De activiteiten beginnen dus in Zwartberg met een Ka-8, een instructeur (Richard Vandeplas), enkele piloten met een vergunning, en een handvol studenten die nog in basisopleiding zijn. Deze laatste krijgen hun instructie op tweezitters van de L.V., wegens het ontbreken van een eigen opleidingstoestel.

Tijdens het zomerkamp van 1976 te Issoudun (Frankrijk) wordt het materiaal nog eens herenigd, maar de club is duidelijk in twee (tenten)kampen verdeeld, en het is de laatste keer dat de unitaire LUAC-ACUL gezamelijke vliegactiviteiten ontwikkelt.

1977

Vanaf 1977 verlopen de vliegactiviteiten volledig gescheiden. Met de verhuis van de franstalige vleugel van het Instituut voor Lichamelijke Opleiding en Sport naar Louvain-la-Neuve vertrekt ook de ACUL uit Leuven. Op 26 maart 1977 stichten de franstaligen een nieuwe vereniging: de "Aéro-Club Universitaire de Louvain asbl" (ACUL), met zetel te Louvain-la-Neuve. Diezelfde dag is er ook een vergadering van de unitaire LUAC-ACUL, waarop men een akkoord ondertekent over de verdeling van het materiaal: de Vlamingen krijgen de Blanik, een Ka-8 (OO-ZOA) en de Link Trainer, de franstaligen de Ka-6, de andere Ka-8 en de Rhön-Lerche.

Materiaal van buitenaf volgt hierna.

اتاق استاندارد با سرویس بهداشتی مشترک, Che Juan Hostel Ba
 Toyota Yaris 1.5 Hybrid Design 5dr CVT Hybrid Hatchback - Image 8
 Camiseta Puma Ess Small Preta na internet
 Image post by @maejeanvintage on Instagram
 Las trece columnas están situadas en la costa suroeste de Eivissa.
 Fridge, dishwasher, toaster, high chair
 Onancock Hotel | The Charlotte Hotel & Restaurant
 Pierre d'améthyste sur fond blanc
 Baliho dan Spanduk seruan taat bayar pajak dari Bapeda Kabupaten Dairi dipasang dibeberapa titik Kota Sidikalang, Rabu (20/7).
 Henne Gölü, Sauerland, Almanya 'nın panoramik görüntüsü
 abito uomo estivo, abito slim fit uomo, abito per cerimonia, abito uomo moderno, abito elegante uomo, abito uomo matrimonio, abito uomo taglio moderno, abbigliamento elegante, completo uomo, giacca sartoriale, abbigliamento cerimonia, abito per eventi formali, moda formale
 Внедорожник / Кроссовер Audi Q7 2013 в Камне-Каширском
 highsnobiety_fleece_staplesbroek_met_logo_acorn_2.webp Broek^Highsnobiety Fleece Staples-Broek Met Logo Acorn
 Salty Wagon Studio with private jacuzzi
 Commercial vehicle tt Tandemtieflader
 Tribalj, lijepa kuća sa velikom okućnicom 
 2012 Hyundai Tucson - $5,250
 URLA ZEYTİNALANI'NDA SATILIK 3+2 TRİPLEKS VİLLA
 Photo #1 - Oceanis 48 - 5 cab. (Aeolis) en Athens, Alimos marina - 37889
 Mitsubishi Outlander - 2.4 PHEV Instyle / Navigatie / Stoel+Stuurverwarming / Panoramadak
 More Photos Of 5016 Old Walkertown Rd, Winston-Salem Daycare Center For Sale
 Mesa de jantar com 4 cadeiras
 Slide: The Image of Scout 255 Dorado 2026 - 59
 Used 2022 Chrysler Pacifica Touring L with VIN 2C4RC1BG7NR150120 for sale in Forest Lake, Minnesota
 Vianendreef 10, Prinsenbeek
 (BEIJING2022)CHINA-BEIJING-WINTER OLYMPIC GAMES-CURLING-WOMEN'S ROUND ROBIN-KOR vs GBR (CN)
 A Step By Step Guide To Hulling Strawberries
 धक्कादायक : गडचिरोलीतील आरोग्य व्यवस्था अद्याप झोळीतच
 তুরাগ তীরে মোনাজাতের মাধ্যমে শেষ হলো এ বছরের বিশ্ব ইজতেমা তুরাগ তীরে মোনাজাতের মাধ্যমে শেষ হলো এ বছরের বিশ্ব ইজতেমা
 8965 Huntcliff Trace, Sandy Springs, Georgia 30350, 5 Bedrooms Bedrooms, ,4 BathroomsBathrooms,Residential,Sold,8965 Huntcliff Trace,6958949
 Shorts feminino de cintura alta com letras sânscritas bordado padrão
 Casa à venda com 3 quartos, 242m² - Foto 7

ACUL blijft vliegen in Temploux (later in St-Hubert).

De LUAC vliegt in Zwartberg.

Aan Vlaamse kant worden op de Statutaire vergadering van 3 november 1977 de nodige wettelijke aanpassingen doorgevoerd, o.a. het terug eentalig maken van naam en logo van de vereniging (publicatie in het Staatsblad op 12 januari 1978). We hebben weer te maken met de "Leuvense Universitaire Aero-Club vzw", maar deze keer uitsluitend van en voor Vlamingen. Door de splitsing wordt de club qua ledenbestand sterk gereduceerd. De nieuwe LUAC "Vlaamse stijl" moet starten met een uiterst kleine kern.